Chief capitol correspondent Mark Davis reports.

Everyone knows about the gas company and the steam plant and today the the board of directors of the company that owns both met. And there is great speculation that they considered an offer to buy them out.

The speculation centers on whether or not Northeast Utilities, the region's largest utility company, offered to buy the assets of CTG Resources (the parent company of both facilities) and then spin off the steam plant to the Connecticut Resources Recovery Authority, which operates a trash to energy plant nearby. So far no one is talking officially, but a reliable source says if the deal went through Northeast Utilities would have to make a public statement sometime soon. Meanwhile the group called 'Stop the Stadium' officially filed their law suit against the deal in Hartford Superior Court.

Tom Sivigny, Pres., 'Stop the Stadium': "We are against an un-democratic process that was used to get this thing rammed through the General Assembly. The people were basically considered a nuisance. That's what they were considered by Robert Kraft and John Rowland and the leaders of the General Assembly."

The lawsuit says that the special session last December was illegal because it was not a real emergency - that the normal committee process was skipped entirely and that the resulting deal amounts to an uncontrolled giveaway to the team and especially to team owner Robert Kraft, who would get to develop the stadium, make all the profits and only pay a dollar a year in rent for 30 years.

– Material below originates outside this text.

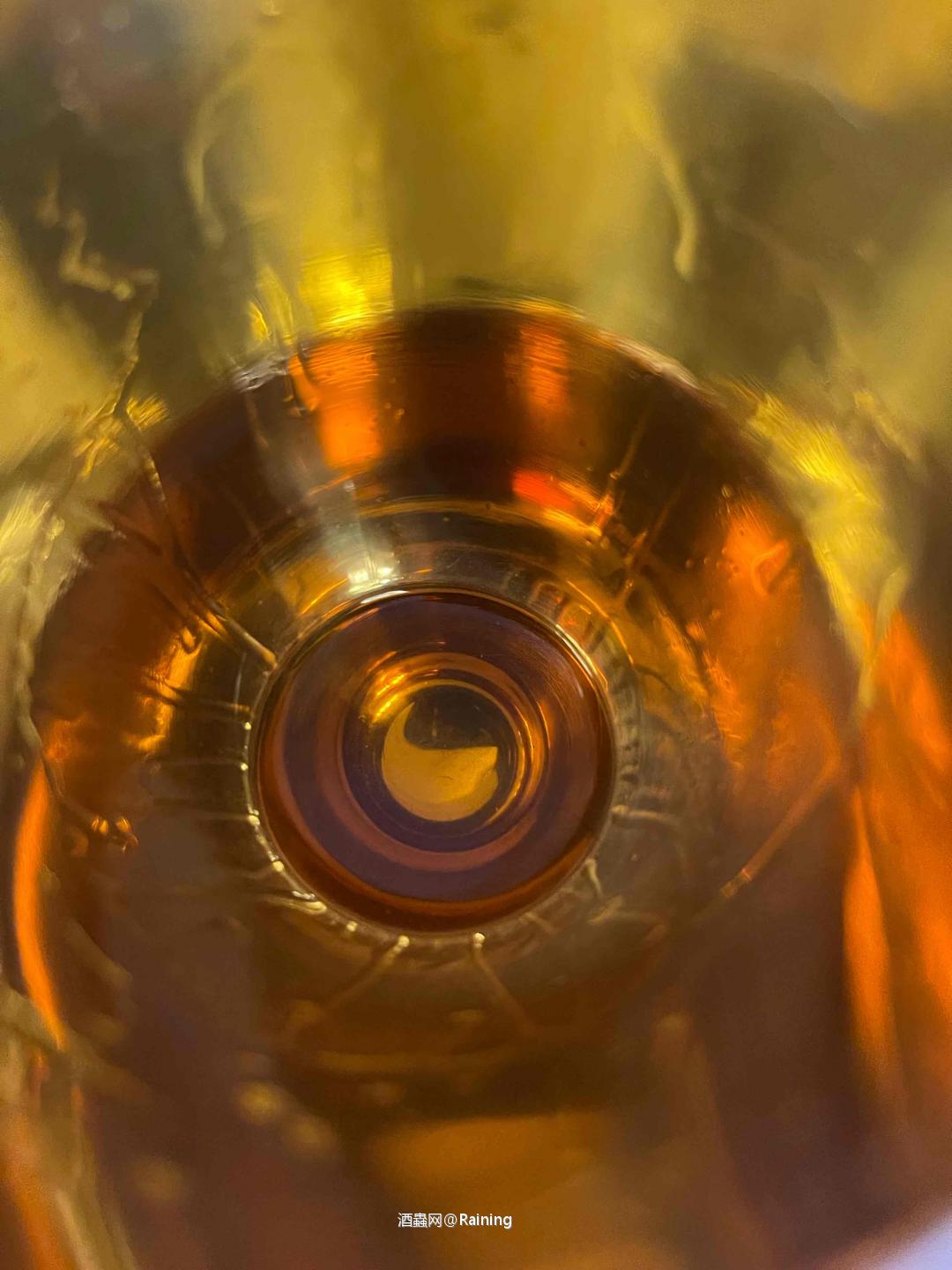 你好啊<img src='https://sdata.whiskyworm.com/xcxpics/emoji_82.png' class='emoji' />有着一百多年渊源的朋友<img src='https://sdata.whiskyworm.com/xcxpics/emoji_5.png' class='emoji' />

Frank Cochrane, Attorney, 'Stop the Stadium': "They don't need our subsidy and we don't think there's any Constitutional power to give them our subsidy."

Goldberg The state will argue that the resulting economic growth from having the team as the anchor tenant for Adriaen's Landing is in the public interest. But the lead plaintiff, former Weicker and Rowland administration official Louis Goldberg of Weston, says he thinks they have the case to have the special assembly session last December declared illegal.

Louis Goldberg, Lead Plaintiff: "We want the process stopped. The democratic process has been flawed, my constitutional rights have been violated, they've crossed my line and I think we have to start... and start all over again."

The Patriots development agreement with the state says that if "sufficient progress" has not been made in moving the gas company and the steam plant by April 2nd the Patriots can terminate the deal.